Broken Covenant Restored (Lent 5B/Jer. 31:31-34)

In a previous post I mentioned that one problem we have with understanding forgiveness is that we tend to make excuses and to blame others rather than feel guilt on our own account.  Everything is OK, and we’re “not too bad.”

We also lose the impact of some of the richest texts about salvtion, because we lack that sense of inevitability in judgment and the results that are sure to follow sin.  Read 2 Kings 24 as Jehoiakim serves the king of Babylon for three years and then rebels.  Jehoiachin replaces him and escapes with his life because he surrenders himself to Babylon.

You might think this meant some sort of forgiveness, but no!  Look at the list of things that happen after this surrender.  Treasure is taken, people are taken, a new puppet king is put in Jehoiachin’s place.  There is, in effect, a new covenant.  This covenant is not like the old one–it is worse.  When Zedekiah rebels as well (see 2 Kings 25) the entire nation is taken into exile.

Again, there is a new covenant with the remnant, but again the new covenant is much worse.

The key fact here, one which would have been well known and expected throughout the Ancient Near East, is that a new covenant that replaced a broken one was bound to be worse.

So here comes God.  “I’m going to make a new covenant.  It won’t be like the old one.”  In our New Testament mentality in which all is better, we hear that as a prediction of good things–and indeed it was.  But to the hearers, hearing the “new covenant language” and then the accusation that they had broken the old one would have been a terrifying thing.  New covenants that replaced broken ones were not better–they were always worse.

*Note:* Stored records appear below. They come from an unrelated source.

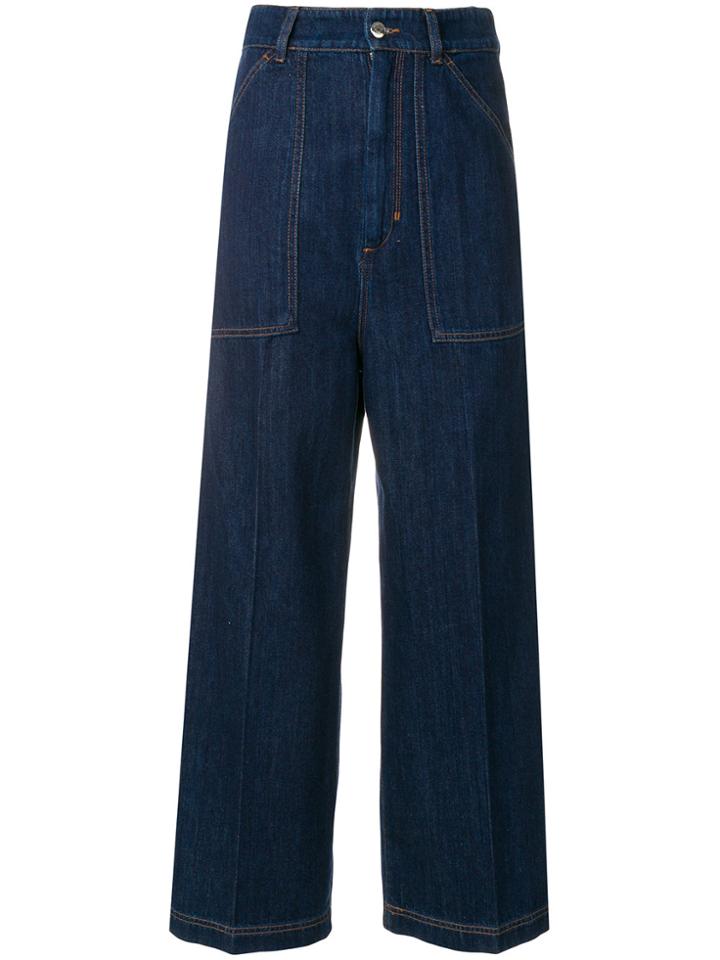 Sport Max Code Fiume Jeans - Blue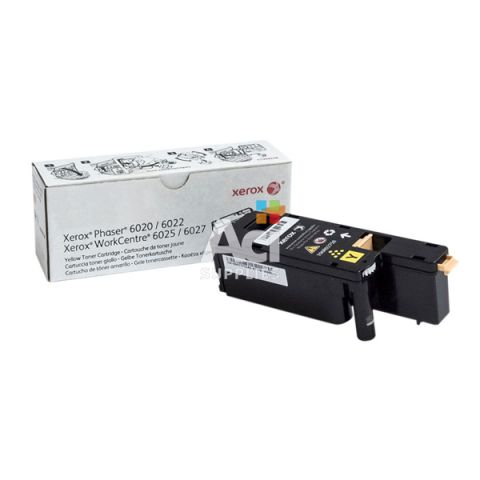 Xerox 106R02758 Yellow Laser Toner  106R02758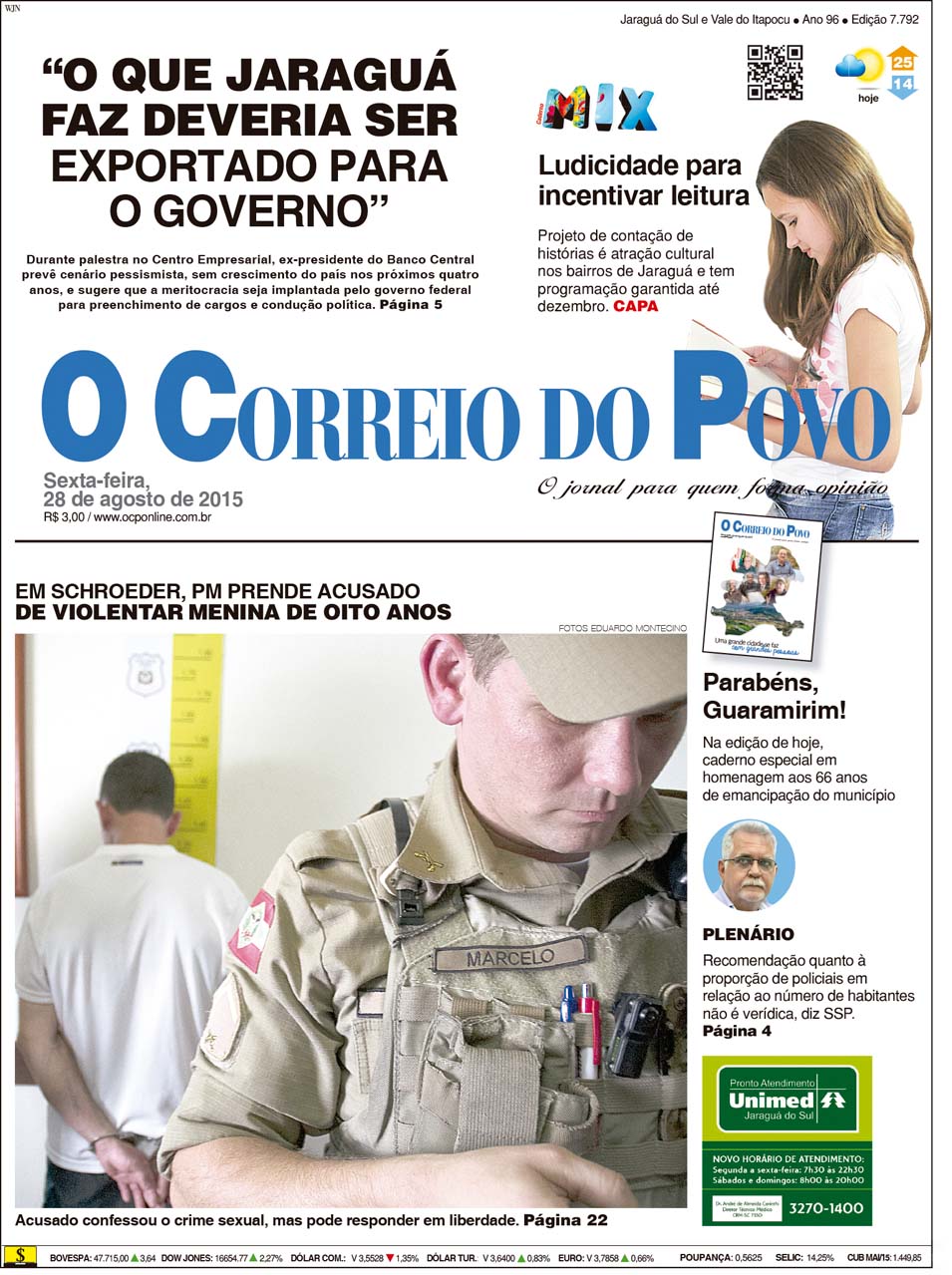 Jornal Digital O Correio do Povo edição 7792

But then we have the working of God’s grace.  The new covenant, even though it replaced a broken one, even though the old one made God Israel’s “lawful lord” (I prefer this to “husband” on grounds of context, although there are good linguistic arguments in favor of husband) and Israel had rebelled.  Thus the expectation could be darkness, destruction, and gloom.

But instead, we have a new covenant that is better than the old, that makes new people who will be obedient.  Instead of just punishment, we have grace, empowering grace, that makes each one know what is right and wrong.  Goodness is placed within.

Isn’t grace powerful?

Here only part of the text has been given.